Hyderabad, Dec 3 (IANS) In October, everything had come to a standstill in Telangana as the movement for a separate state for this underdeveloped region of Andhra Pradesh was at its peak and it looked like the central government would yield to pressure tactics. A month later, all the guns appear to have fallen silent.

A few days before the second anniversary of the central government’s announcement Dec 9, 2009, to initiate the process for carving out a Telangana state, the dream of a separate state still looks like a distant one. Political parties are fighting for one-upmanship and appearing more interested in pushing the issue to the 2014 elections for reaping the benefits.

After government employees and mine and transport workers called off their 42-day-long strike Oct 24, the movement virtually disappeared from the streets in the region comprising 10 districts, including Hyderabad, and is now confined to the legislature and political circles.

With the region’s political and non-political groups in total disarray and frequent strikes alienating people, it is not surprising that the central government too has developed cold feet over the issue and is even dropping hints that a separate state will not be a reality, at least in the near future.

Even the protest in parliament by Congress MPs from Telangana and two MPs of the Telangana Rashtra Samithi (TRS) has been drowned in the din over foreign equity in the retail sector.

With the political leadership losing credibility among the Telangana people for setting frequent deadlines without achieving anything, a sense of frustration has engulfed youth and students, which is reflected in their suicides.

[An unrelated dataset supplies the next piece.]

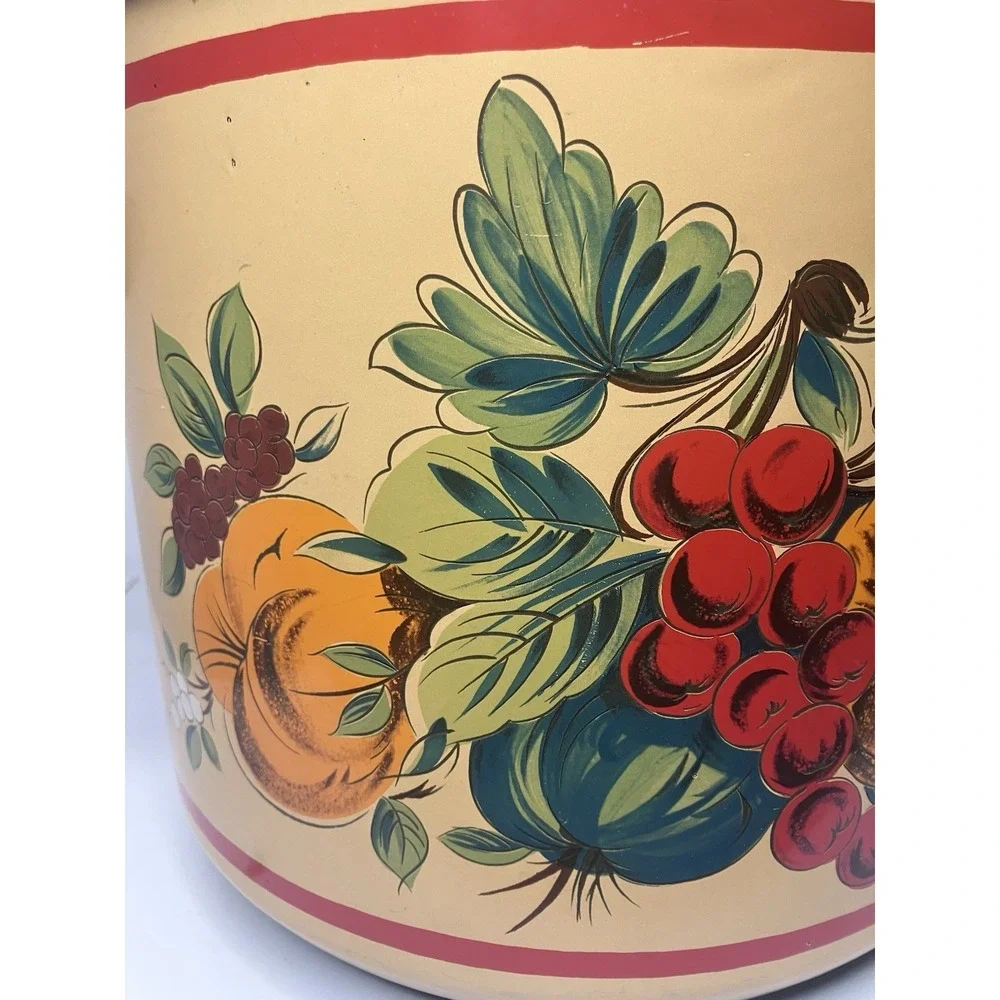 VTG Holt Howard France Fruit Festival Enamel Stock Pot 10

The mass strike saw the Telangana movement reach its highest peak since TRS revived it a decade ago, but going by the present public mood, it looks unlikely if any political party can give it a new lease of life in the near future.

Even the Telangana Joint Action Committee (JAC), comprising TRS, the Bharatiya Janata Party (BJP) and some other groups, appears to have given up, as it dropped its grandiose plans to hold a million-man march on the lines of protests in Egypt.

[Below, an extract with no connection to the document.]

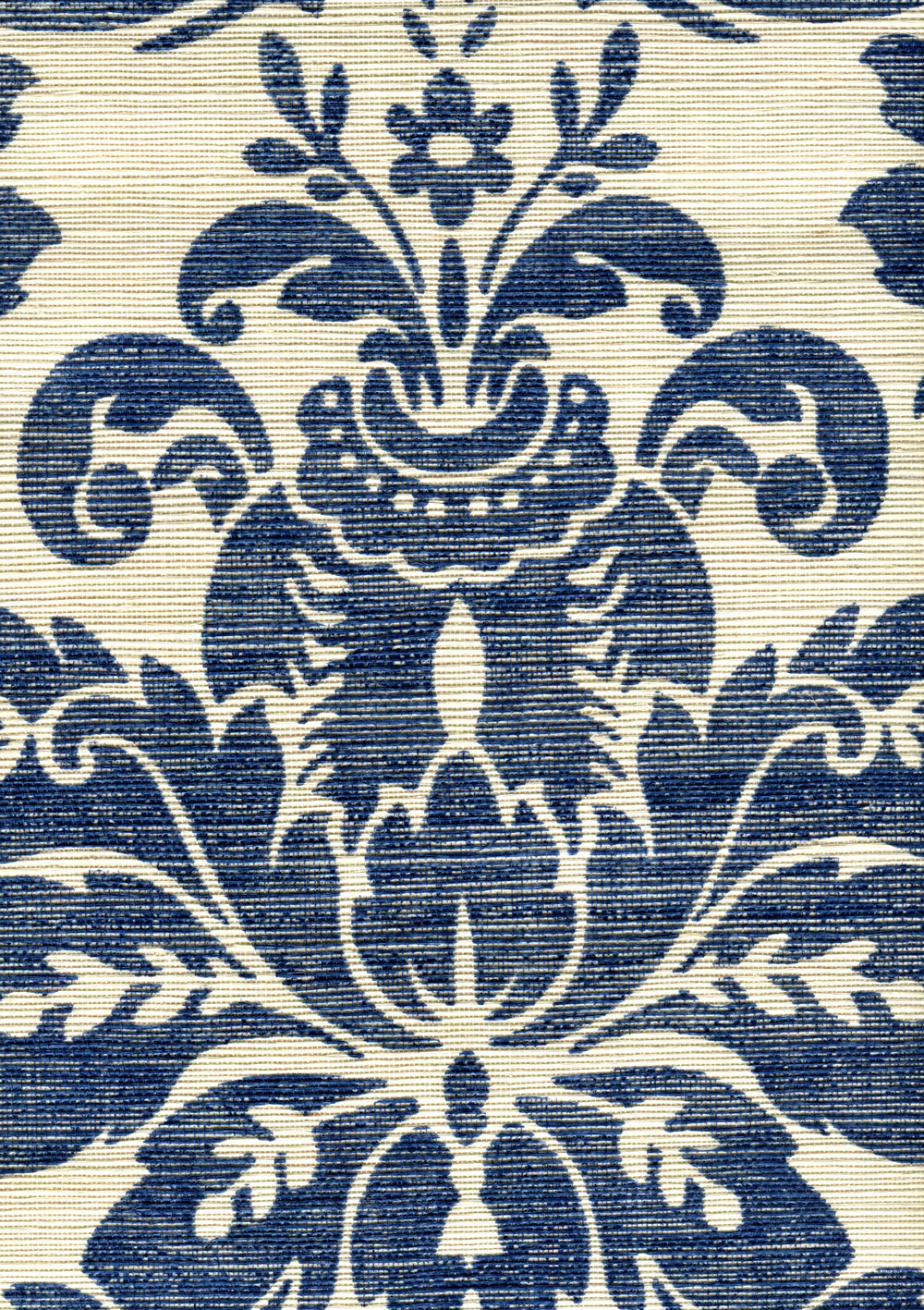 Monty on Grasscloth Navy on Cream Grasscloth wallpaper by Quadrille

TRS chief K. Chandrasekhara Rao, whose 11-day hunger strike had forced the central government to make the Dec 9, 2009, announcement, is also having second thoughts on carrying out his threat of another ‘fast-unto-death’.

TRS critics blame it for the present situation, saying it is only interested in furthering its own political agenda.

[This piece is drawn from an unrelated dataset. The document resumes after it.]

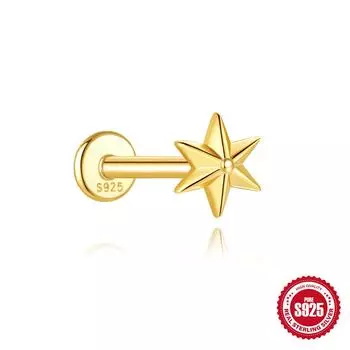 S925 Sterling Silver Blue Pine Stacked Smiley Face Versatile Design Sense Simple Small Exquisite Piercing Earrings Earrings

‘It was never a people’s movement but a movement led by a political party which has a shortsighted agenda,’ P.L. Visweswara Rao, chairman of the Telangana Intellectual Forum, told IANS.

‘A people’s movement is one in which all sections of people and all castes participate. The present movement is being run by some upper caste people,’ said Visweswara Rao, a former head of the journalism department at Osmania University.

As a student of the same university, he had participated in the 1969 movement. ‘That was a real people’s movement,’ Rao recalled.

Both political and non-political critics of TRS feel the party is only interested in strengthening itself as proved by five legislators – three of the Congress and two of the TDP – joining its ranks.

‘TRS has no credibility. It says it is opposed to Polavaram, but gets a contract for the same,’ said Visweswara Rao in an obvious reference to the allegation that a company which invested in a daily owned by the TRS chief bagged the contract for the irrigation project in the Andhra region.

Visweswara Rao believes a people’s movement has to be transparent. ‘People want to know why the indefinite strike was called off and what deal led to the JAC suddenly withdrawing the strike,’ he said.

He, along with veteran freedom fighter Konda Lakshman Bapuji and other Telangana protagonists, is now trying to build the people’s movement by bringing all the groups together.

He claims it would be an ideological platform with a common agenda of achieving the Telangana state.

They acknowledge that it would be an arduous task, given the serious differences among dozens of groups and the fact that all the three major parties – TRS, the Congress and the Telugu Desam Party (TDP) – are not willing to share a platform.